Vitamin D deficiency: Another pandemic
We all at some point in time might have got our blood tests done, and may have been shocked to see the extremely low levels of vitamin D in our body. Your doctor may have prescribed some supplements, which some of us may have taken diligently, while some of us may still be confused as to why do you have such low levels of vitamin D despite following a healthy diet and spending enough time in sunlight.
If you're still confused, let's learn about this vitamin in detail!
Vitamin D is a nutrient that we get from the food we eat as well as a hormone that our bodies make for its different functional roles. It is a fat-soluble vitamin helpful in the absorption of calcium and phosphorus, which are critical in building bones. Most of the body's organs and tissues have receptors for Vitamin D, which suggests its importance in the body beyond bone health. Studies have shown its important role in boosting immunity, blood glucose regulation, reduction of body fat percentage as well as warding off depression to name a few.
Vitamin D exists in two forms: Vitamin D2 and D3. Vitamin D2, also known as ergocalciferol, comes from fortified foods, plant foods (mushrooms), and over-the-counter supplements. No milk and milk products contain vitamin D unless they are fortified.
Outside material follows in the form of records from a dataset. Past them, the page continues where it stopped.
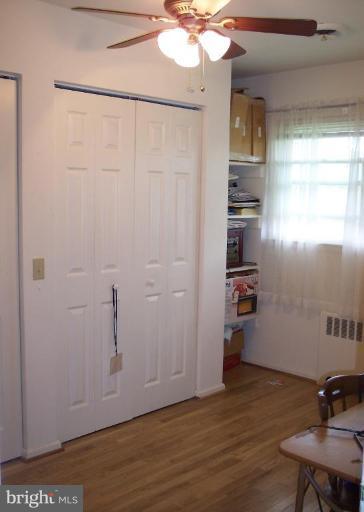 2319 Farringdon Road Baltimore, MD 21209 - Photo 8 of 16 a view of a storage & utility room with wooden floor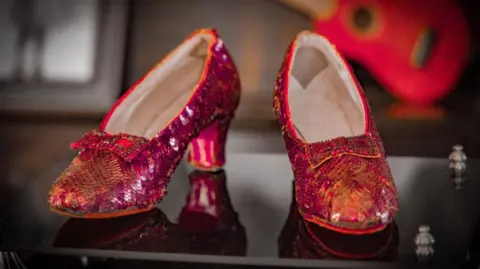 Heritage Auctions A close-up of the ruby red sequin shoes worn by Judy Garland. They feature dark red sequins sewn in chevron strips across the front of the shoes, with red bows sewn on and thick block heels at the back, with a light coloured insole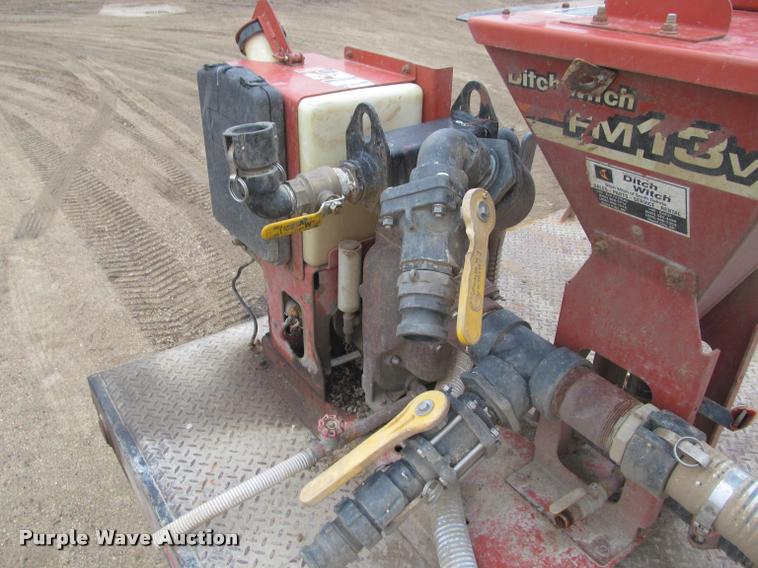 image for item DA1059 2006 Sterling A9500 flatbed truck with Ditch Witch mud mixing system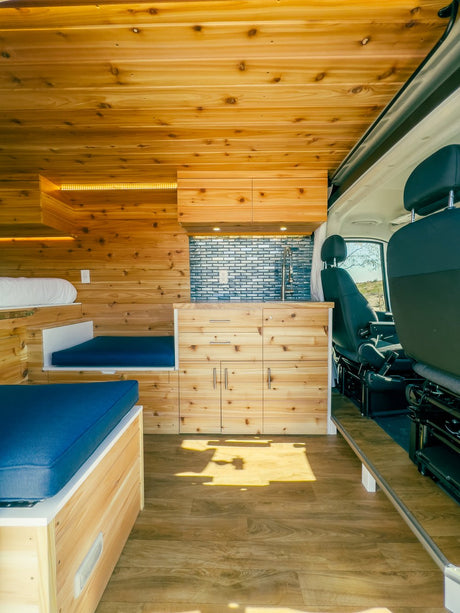 Explore this bright RV rental with warm wood walls, functional kitchenette, and clever sleeping solutions for your travels.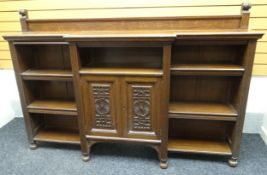 A large open Arts & Crafts stained oak break-front bookcase with adjustable shelves either side of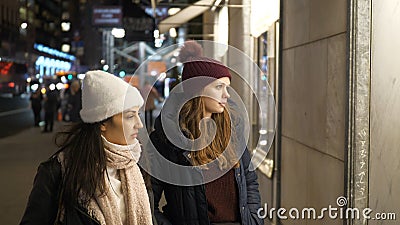 Two girls on a shopping trip in New York walk along shop windows Stock Photo
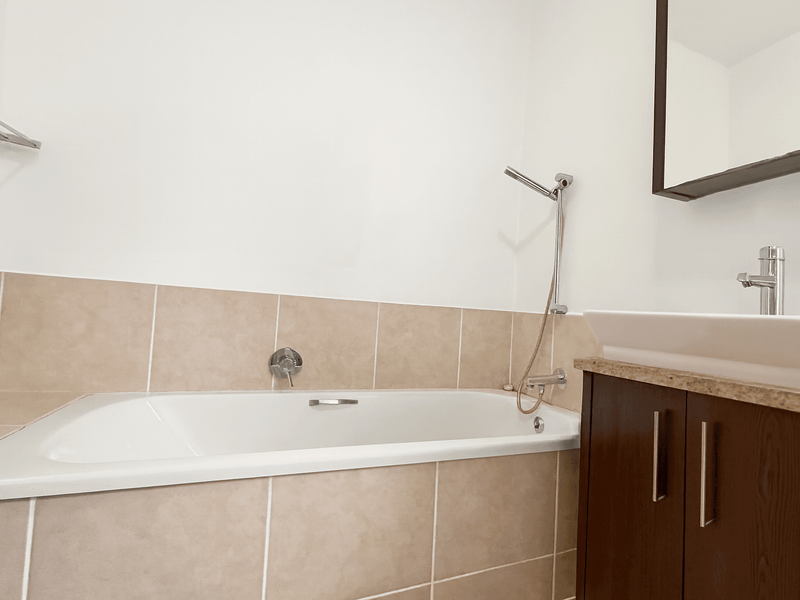 A clean, functional bathroom featuring a built-in bathtub with tiled surround, a modern vessel sink on a dark wood vanity, and a wall-mounted mirror.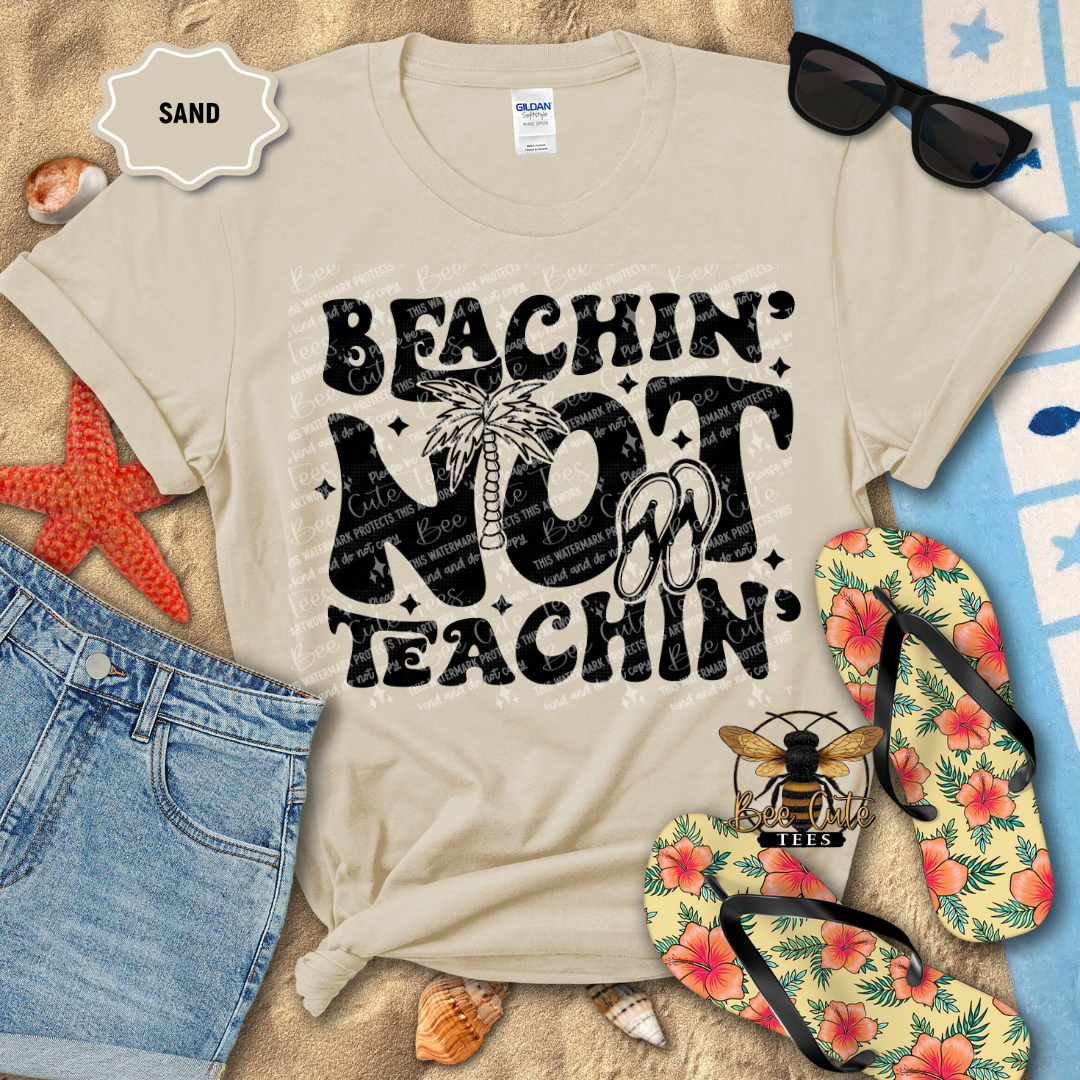 Beige t-shirt with 'Beachin' Not Teachin' design on sand with beach accessories.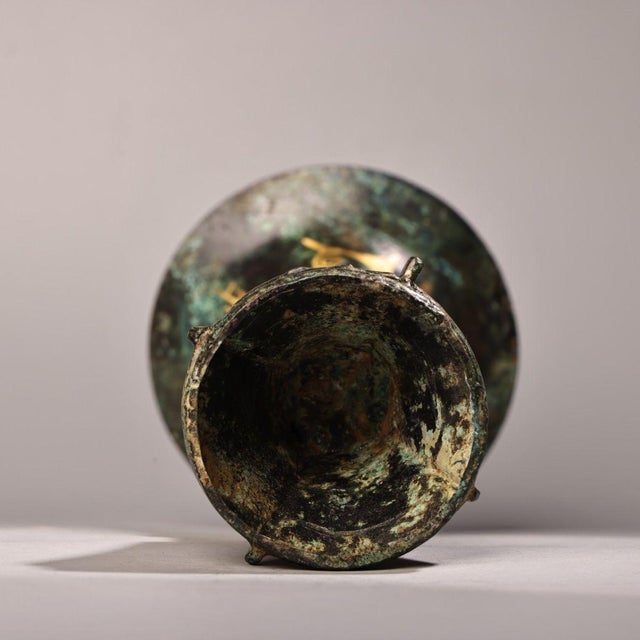 Tall elegant archaic bronze Gu vase with wide flared mouth and tiered pedestal base. Bright gold inlay forms flowing...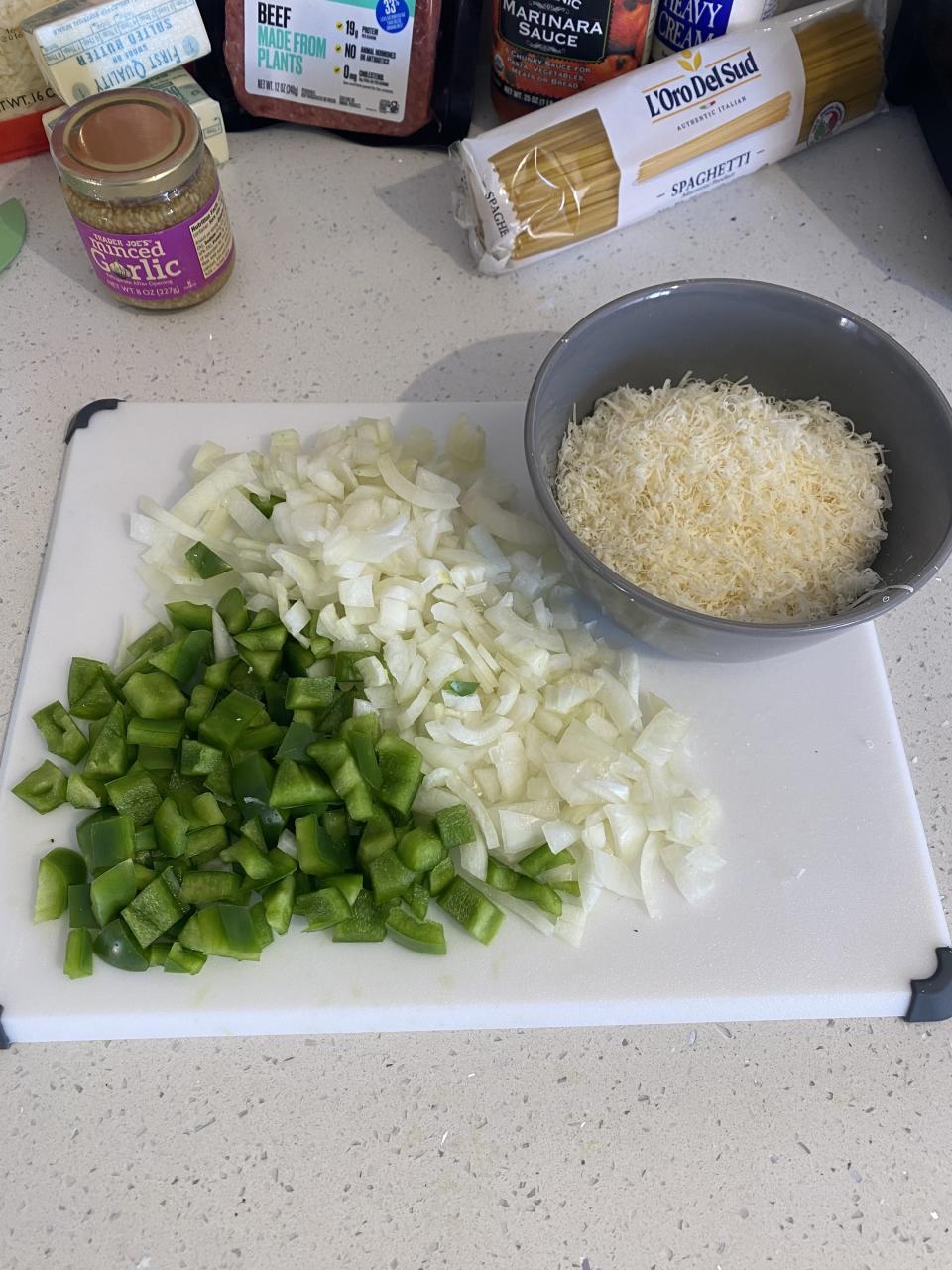 chopped up veggies and a bowl of cheese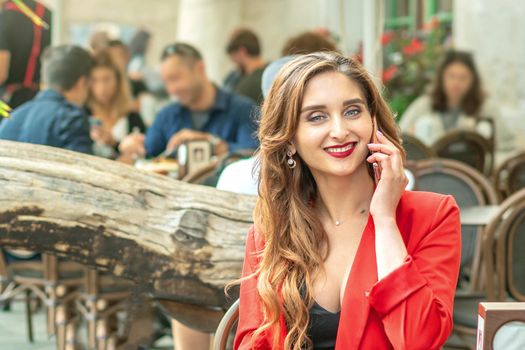 Young cute girl is talking by mobile phone sitting alone in coffee shop outdoors.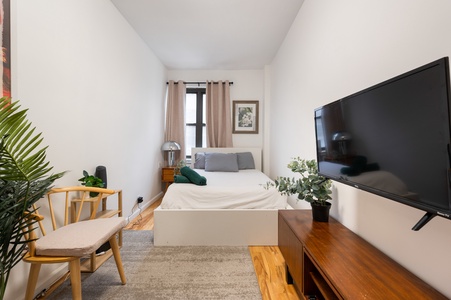 Unwind in your bright, plant-filled bedroom featuring a comfy white bed, modern TV, and stylish wooden accents that create a peaceful urban retreat.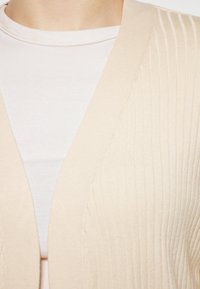 Жилет Жилет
Vitamin D3, also known as cholecalciferol, comes from fortified foods, animal foods (fatty fish, cod liver oil, eggs, and liver), supplements, and can be made internally when your skin is exposed to ultraviolet radiation from the sun.
Now coming to the most important question of the main reasons that make you deficient in Vitamin D. The primary factors contributing to vitamin D deficiency among Asian Indians are increased skin pigmentation, consumption of a vegetarian diet, and limited exposure to sunlight. Indian skins are darker and have comparatively higher melanin, which protects us from UV damage and at the same time acts as a barrier in natural vitamin D production. Cover-up clothing and sunscreen usage, together with being homebound further decreases the absorption and hampers endogenous synthesis of vitamin D. Additionally, impaired fat metabolism in the body, or the presence of diseases of kidney/liver and obesity affect the vitamin D activation and utilization in the body. An important factor leading to ever-growing cases of vitamin D deficiency is the increasing levels of air pollution that affects the penetration of sunlight to reach the earth's surface and our skin.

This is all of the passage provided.